GIVEN RECORDS:
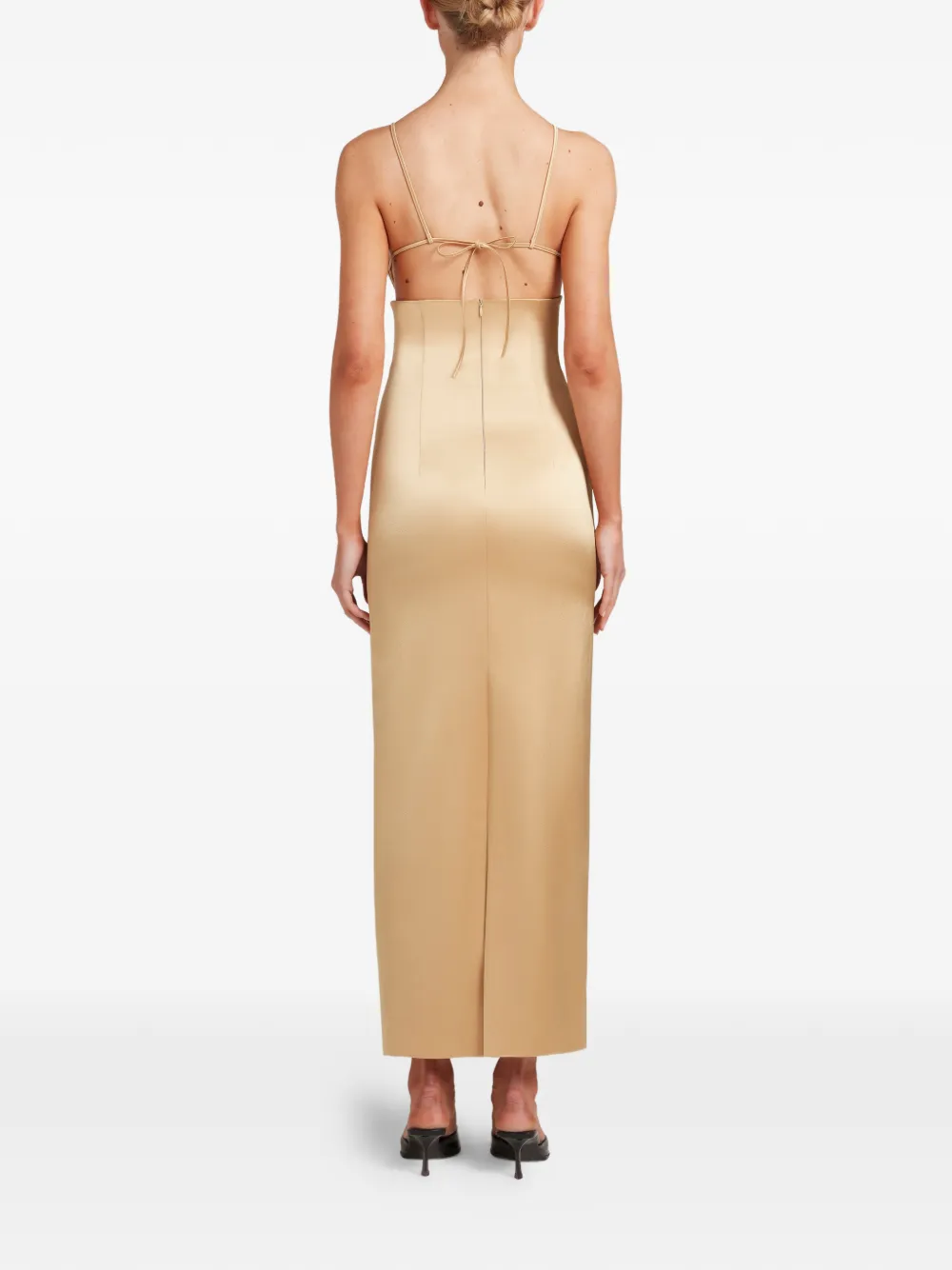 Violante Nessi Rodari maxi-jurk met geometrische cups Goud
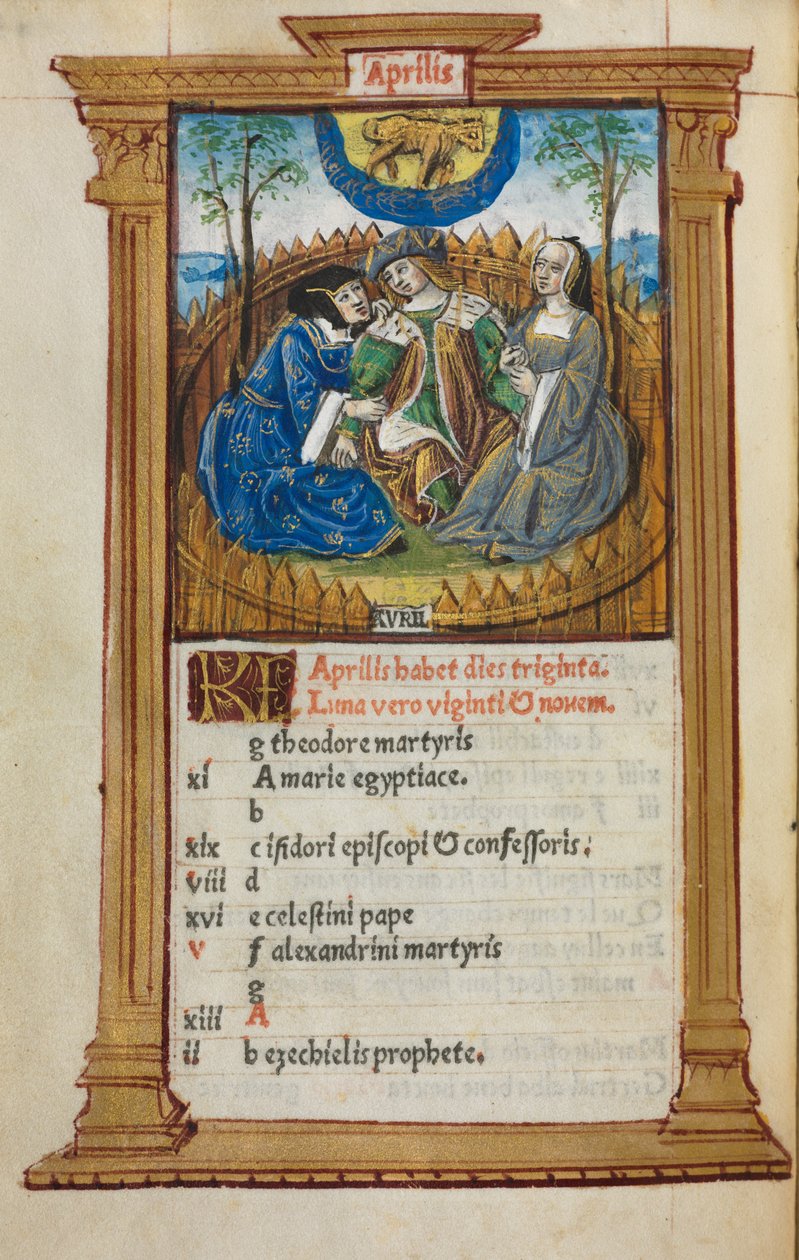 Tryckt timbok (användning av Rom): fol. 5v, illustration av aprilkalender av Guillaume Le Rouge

---

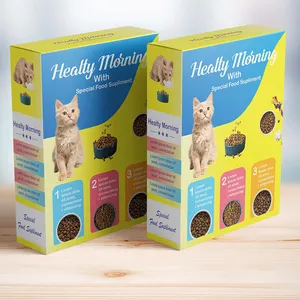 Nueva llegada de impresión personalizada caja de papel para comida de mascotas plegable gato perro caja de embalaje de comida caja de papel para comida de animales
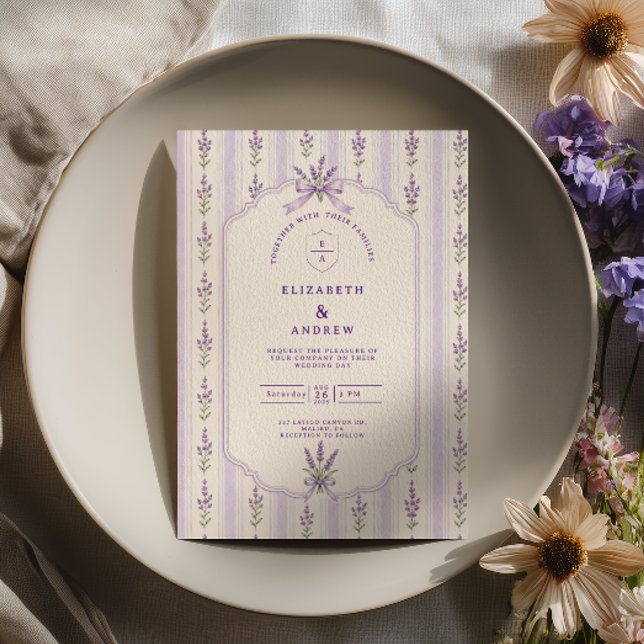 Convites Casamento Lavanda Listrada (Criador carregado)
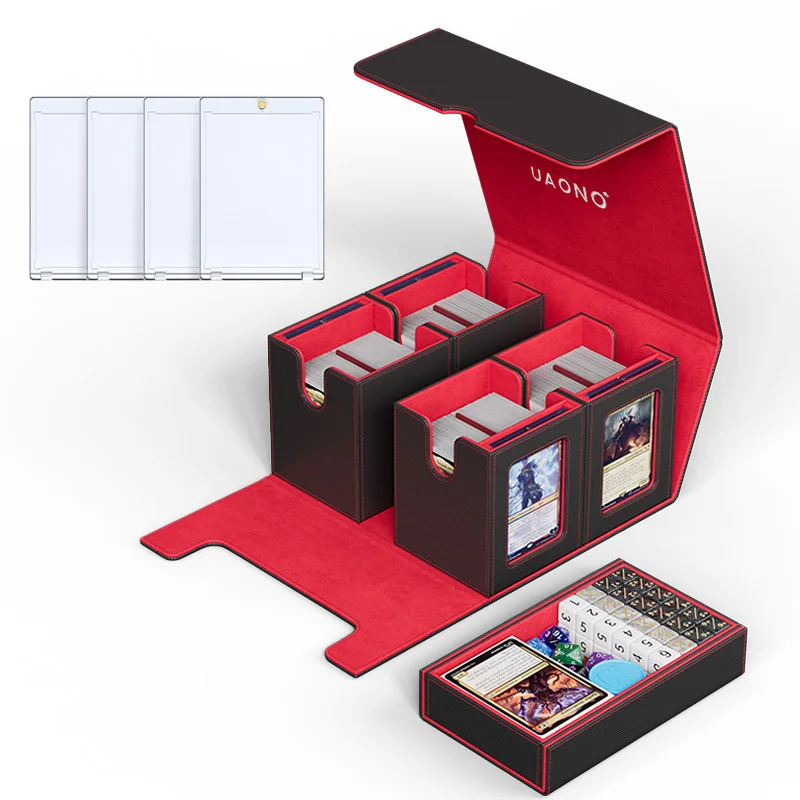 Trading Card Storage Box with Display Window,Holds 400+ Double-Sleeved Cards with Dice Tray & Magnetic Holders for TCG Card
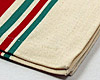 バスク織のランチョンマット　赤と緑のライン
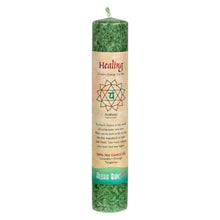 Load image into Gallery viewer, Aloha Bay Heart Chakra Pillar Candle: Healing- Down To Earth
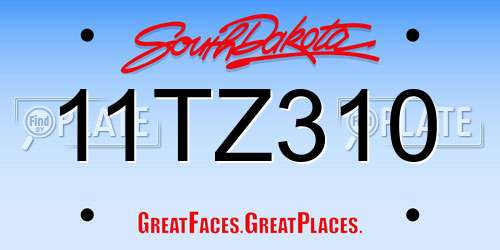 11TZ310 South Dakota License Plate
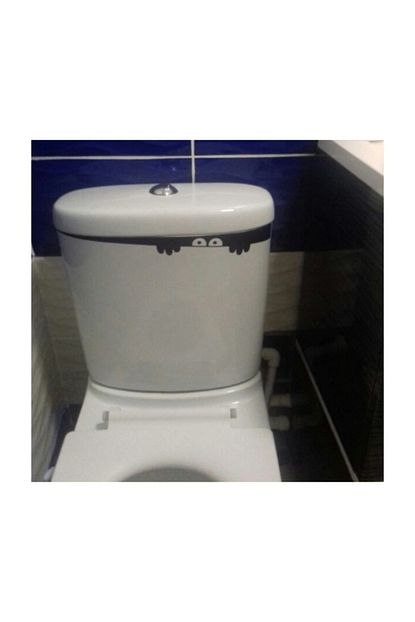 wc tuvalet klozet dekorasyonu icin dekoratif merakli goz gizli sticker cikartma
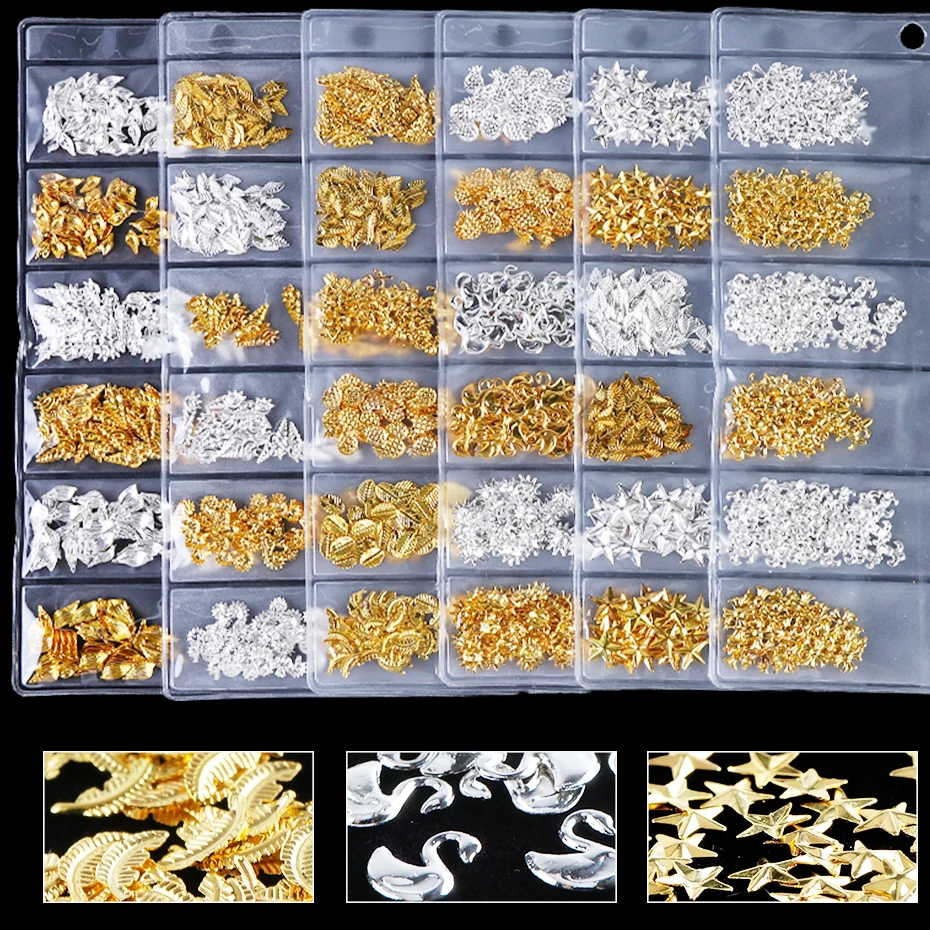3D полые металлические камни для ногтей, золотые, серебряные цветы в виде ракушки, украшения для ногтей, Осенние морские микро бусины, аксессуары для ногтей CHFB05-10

...

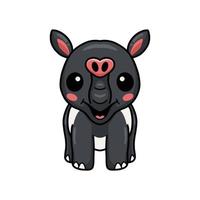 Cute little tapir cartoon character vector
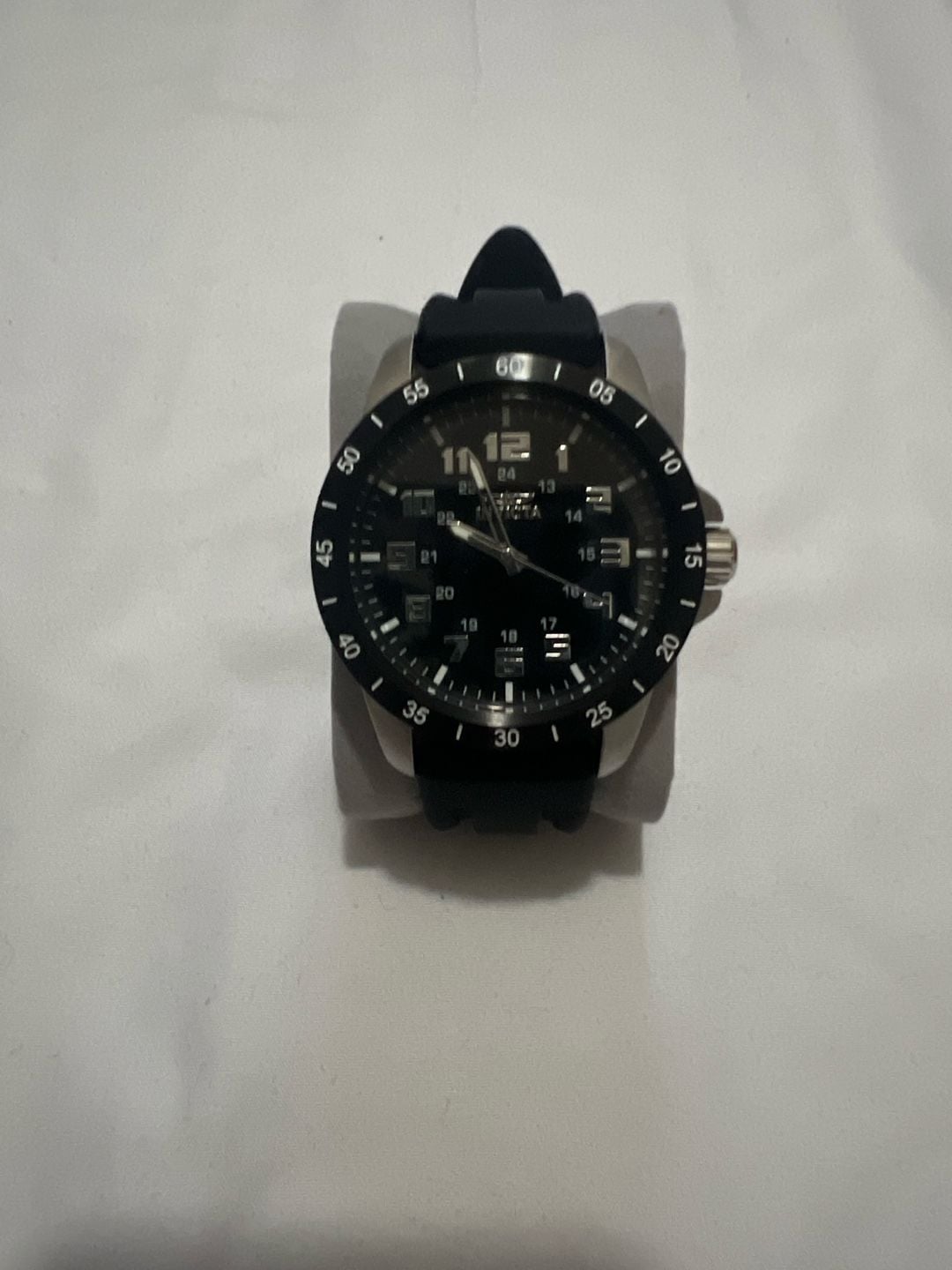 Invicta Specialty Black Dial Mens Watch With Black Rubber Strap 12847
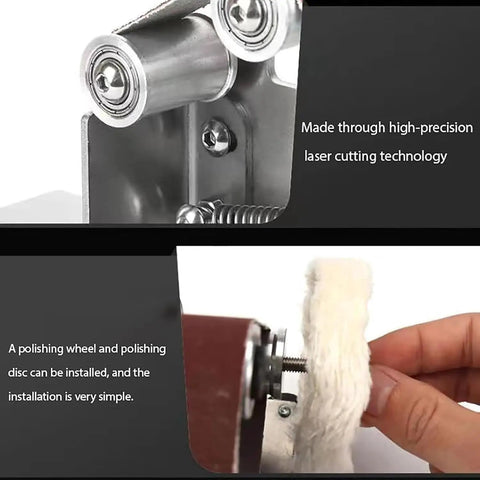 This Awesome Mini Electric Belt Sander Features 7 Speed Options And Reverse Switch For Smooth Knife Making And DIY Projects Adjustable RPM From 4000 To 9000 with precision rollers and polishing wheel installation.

PROBLEM TO WORK ON: Output only the lines above from the one containing "Nueva llegada de" to the one containing "11TZ310 South Dakota License Plate", both included, exactly as written and with no pictures.

TASK RESPONSE:
 Nueva llegada de impresión personalizada caja de papel para comida de mascotas plegable gato perro caja de embalaje de comida caja de papel para comida de animales
 Convites Casamento Lavanda Listrada (Criador carregado)
 Trading Card Storage Box with Display Window,Holds 400+ Double-Sleeved Cards with Dice Tray & Magnetic Holders for TCG Card
 バスク織のランチョンマット　赤と緑のライン
 Load image into Gallery viewer, Aloha Bay Heart Chakra Pillar Candle: Healing- Down To Earth
 11TZ310 South Dakota License Plate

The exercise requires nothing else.